** PROVIDED DATA **
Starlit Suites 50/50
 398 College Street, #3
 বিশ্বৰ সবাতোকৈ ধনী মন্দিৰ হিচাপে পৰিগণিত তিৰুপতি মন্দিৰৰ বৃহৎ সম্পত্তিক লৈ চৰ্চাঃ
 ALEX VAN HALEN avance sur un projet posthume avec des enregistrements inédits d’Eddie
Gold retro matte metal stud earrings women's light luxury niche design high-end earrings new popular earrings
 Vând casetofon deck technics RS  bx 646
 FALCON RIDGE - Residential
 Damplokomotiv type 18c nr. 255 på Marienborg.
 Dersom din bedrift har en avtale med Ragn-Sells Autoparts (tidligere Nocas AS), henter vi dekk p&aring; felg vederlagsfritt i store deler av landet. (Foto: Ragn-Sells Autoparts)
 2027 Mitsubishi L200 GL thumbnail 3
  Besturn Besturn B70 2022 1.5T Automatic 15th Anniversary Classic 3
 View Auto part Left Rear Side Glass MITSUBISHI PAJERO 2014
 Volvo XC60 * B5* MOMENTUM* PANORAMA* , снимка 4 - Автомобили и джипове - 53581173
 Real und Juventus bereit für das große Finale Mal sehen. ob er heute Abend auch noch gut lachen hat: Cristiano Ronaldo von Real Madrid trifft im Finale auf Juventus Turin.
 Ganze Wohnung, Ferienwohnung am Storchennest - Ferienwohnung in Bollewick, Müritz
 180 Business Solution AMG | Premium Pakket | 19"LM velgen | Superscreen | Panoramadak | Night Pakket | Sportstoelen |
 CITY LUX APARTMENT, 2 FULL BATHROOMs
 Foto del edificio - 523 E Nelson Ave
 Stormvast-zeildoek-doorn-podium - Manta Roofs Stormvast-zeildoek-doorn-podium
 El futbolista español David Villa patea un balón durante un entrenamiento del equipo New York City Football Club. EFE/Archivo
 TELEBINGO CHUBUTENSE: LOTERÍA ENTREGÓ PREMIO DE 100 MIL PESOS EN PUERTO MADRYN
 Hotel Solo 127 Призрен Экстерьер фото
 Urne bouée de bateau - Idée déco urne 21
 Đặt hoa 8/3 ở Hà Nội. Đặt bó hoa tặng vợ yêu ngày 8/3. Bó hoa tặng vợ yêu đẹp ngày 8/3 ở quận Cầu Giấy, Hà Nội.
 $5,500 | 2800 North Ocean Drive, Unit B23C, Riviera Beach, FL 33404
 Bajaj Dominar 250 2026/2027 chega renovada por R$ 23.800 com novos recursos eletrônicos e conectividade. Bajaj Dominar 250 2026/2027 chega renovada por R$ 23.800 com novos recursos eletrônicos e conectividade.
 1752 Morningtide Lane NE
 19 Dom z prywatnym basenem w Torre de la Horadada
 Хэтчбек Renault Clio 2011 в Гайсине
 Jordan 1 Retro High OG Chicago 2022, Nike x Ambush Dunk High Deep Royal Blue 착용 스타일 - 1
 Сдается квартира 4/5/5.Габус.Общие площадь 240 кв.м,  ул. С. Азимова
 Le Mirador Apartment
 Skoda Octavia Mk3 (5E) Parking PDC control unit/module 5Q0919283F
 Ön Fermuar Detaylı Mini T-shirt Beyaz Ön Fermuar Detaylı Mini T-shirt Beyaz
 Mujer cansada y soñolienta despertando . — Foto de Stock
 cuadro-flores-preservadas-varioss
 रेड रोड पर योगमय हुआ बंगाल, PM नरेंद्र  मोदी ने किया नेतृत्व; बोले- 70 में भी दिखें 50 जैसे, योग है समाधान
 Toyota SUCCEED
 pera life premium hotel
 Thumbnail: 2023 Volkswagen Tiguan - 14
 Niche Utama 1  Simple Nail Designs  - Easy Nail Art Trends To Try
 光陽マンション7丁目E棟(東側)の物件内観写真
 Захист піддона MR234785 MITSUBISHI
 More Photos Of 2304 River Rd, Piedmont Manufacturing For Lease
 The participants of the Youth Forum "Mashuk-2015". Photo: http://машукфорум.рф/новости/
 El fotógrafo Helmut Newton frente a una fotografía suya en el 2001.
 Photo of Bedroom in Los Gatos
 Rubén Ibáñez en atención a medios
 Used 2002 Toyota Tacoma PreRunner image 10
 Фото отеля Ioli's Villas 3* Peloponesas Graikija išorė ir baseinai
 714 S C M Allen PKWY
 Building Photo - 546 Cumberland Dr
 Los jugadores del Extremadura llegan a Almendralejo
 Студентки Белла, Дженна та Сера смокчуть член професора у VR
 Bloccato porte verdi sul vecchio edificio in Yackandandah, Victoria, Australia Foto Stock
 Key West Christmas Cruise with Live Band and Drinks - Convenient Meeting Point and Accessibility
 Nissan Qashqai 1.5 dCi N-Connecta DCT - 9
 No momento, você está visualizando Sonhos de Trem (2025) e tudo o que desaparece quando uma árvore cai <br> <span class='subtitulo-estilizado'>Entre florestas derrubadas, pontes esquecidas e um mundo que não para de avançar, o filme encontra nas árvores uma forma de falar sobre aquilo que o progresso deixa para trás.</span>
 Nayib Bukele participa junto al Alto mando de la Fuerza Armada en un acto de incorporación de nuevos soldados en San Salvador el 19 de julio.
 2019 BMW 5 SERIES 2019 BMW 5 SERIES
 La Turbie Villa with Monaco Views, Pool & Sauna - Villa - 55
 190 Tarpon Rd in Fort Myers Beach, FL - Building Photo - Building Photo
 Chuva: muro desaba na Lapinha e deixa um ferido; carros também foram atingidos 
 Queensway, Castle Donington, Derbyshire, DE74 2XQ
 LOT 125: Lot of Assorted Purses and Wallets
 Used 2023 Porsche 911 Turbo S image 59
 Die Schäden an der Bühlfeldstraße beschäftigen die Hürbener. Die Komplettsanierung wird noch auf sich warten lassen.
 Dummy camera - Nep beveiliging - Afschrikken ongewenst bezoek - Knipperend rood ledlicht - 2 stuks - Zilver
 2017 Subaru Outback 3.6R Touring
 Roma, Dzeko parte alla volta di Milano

** WHAT TO DO **
Your task is to transcribe, with no changes, only the lines of the listing above that lie between the line holding "光陽マンション7丁目E棟(東側)の物件内観写真" and the line holding "Студентки Белла, Дженна", inclusive.

** WRITTEN SOLUTION **
 光陽マンション7丁目E棟(東側)の物件内観写真
 Захист піддона MR234785 MITSUBISHI
 More Photos Of 2304 River Rd, Piedmont Manufacturing For Lease
 The participants of the Youth Forum "Mashuk-2015". Photo: http://машукфорум.рф/новости/
 El fotógrafo Helmut Newton frente a una fotografía suya en el 2001.
 Photo of Bedroom in Los Gatos
 Rubén Ibáñez en atención a medios
 Used 2002 Toyota Tacoma PreRunner image 10
 Фото отеля Ioli's Villas 3* Peloponesas Graikija išorė ir baseinai
 714 S C M Allen PKWY
 Building Photo - 546 Cumberland Dr
 Los jugadores del Extremadura llegan a Almendralejo
 Студентки Белла, Дженна та Сера смокчуть член професора у VR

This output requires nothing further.